Key Takeaways (expand)
- Copper is a trace element required by all living organisms.
- This mineral serves as a component of approximately two dozen proteins and enzymes (called cuproenzymes), making a variety of physiological functions copper-dependent!
- Some of the most important of these functions are connective tissue maturation, bone formation, energy production, iron homeostasis, neurotransmission, and melanin formation.
- Copper also helps scavenge free radicals and facilitate redox reactions, giving it an antioxidant role.
- Copper helps regulate gene expression through its involvement in RNA production and in regulating oxidative stress within cells (which helps activate signal transduction pathways).

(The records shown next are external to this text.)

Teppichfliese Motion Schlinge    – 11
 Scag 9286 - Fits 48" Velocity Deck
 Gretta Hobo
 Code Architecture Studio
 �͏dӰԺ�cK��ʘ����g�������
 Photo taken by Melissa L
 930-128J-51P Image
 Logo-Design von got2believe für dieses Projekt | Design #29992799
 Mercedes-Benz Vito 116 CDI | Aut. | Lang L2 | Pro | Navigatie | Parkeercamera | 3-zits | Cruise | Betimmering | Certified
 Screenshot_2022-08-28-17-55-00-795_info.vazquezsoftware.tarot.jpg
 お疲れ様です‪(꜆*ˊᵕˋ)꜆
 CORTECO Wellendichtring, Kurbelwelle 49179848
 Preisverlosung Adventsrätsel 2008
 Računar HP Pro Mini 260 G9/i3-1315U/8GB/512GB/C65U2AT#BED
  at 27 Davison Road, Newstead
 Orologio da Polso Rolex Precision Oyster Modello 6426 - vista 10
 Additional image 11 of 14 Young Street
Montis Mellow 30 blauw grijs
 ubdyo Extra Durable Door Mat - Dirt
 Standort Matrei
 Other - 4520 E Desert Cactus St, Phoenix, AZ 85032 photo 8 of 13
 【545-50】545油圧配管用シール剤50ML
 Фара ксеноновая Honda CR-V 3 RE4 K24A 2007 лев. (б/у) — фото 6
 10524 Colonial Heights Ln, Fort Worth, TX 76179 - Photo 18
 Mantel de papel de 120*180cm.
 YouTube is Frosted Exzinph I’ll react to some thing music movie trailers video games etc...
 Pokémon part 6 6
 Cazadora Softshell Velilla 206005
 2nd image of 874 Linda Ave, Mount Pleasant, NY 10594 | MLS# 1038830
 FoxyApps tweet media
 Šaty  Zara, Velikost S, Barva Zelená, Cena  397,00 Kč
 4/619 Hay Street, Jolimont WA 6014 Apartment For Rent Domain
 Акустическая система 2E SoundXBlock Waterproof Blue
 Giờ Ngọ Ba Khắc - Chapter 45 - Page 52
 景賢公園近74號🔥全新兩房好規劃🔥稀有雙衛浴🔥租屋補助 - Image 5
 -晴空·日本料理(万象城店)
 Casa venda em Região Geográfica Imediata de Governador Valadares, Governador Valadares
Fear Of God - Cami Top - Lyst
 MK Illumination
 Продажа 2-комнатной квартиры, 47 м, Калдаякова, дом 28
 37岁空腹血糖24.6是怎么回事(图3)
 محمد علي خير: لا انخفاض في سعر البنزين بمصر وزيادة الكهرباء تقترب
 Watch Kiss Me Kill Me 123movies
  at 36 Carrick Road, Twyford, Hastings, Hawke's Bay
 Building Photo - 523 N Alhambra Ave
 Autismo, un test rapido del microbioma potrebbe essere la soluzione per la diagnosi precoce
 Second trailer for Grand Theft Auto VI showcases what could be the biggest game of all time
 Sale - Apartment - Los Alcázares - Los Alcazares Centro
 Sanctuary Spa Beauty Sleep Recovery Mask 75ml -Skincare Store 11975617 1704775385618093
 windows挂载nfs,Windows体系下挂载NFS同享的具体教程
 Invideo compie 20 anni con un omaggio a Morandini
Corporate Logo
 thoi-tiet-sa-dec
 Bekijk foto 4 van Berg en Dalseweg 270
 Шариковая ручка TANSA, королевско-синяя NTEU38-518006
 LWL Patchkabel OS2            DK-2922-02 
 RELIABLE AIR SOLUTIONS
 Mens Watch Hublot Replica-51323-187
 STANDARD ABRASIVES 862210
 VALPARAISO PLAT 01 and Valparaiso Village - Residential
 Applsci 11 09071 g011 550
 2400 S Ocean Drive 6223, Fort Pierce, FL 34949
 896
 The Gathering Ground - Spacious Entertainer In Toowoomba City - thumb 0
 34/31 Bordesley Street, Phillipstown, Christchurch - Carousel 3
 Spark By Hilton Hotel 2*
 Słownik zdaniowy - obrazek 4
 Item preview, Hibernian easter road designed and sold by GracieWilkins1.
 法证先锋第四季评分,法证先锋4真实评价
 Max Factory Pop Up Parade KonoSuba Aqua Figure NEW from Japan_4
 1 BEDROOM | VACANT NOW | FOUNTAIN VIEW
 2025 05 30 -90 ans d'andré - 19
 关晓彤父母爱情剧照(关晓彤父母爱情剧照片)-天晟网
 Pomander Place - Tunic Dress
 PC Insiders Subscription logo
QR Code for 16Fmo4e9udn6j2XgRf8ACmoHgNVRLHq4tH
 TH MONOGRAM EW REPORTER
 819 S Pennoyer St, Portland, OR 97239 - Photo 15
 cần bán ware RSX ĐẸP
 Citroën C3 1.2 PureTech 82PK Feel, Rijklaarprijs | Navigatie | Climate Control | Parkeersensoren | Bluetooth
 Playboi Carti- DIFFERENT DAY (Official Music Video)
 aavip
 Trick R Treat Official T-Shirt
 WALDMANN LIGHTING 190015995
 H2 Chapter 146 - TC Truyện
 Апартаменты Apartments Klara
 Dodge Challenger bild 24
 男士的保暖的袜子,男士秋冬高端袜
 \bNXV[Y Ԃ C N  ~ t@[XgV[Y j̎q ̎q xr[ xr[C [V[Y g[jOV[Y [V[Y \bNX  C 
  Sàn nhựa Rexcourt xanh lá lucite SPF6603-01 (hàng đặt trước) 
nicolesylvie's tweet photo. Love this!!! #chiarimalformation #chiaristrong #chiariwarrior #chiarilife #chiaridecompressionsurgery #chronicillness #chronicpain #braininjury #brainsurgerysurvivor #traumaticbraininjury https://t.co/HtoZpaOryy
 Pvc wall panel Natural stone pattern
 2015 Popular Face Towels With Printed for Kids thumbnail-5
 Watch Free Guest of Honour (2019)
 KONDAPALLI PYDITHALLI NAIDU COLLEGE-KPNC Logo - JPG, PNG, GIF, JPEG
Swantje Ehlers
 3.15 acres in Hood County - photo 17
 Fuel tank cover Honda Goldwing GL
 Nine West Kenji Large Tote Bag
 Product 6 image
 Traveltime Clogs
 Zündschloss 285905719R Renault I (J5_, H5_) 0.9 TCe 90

- Although elevated blood levels of copper have been associated with a higher risk of cardiovascular disease, there’s little evidence that dietary copper is harmful for the heart; blood levels can rise substantially due to non-dietary factors (including physical stressors like inflammation and disease).
- Copper may be involved in the body’s innate immune response to bacterial infection: it exhibits direct toxicity to pathogens (through its ability to produce hydroxyl radicals), and can also disrupt bacterial protein structures.
- Some limited evidence suggests copper can promote bone health and protect against osteoporosis, possibly via the copper-dependent enzyme lysyl oxidase (which supports collage in the bone matrix); but, more research here is needed!
- Copper may also play a role in cancer progression, particularly angiogenesis (the development of new blood vessels that allow tumors to grow).
- Some evidence suggests a role for copper in protecting against diabetic retinopathy, kidney stones, and erectile dysfunction.
- Copper deficiency is fairly uncommon, but when it occurs, can lead to abnormally low levels of neutrophils (a type of white blood cell), anemia that doesn’t respond to iron therapy, impaired growth, neurological symptoms, and loss of pigmentation on the body; copper deficiency during pregnancy can increase the risk of low birth weight and neurological problems in newborns.
- Excess copper can be hazardous, too: chronically high intake can increase the risk of liver injury, and may alter immune function and antioxidant status.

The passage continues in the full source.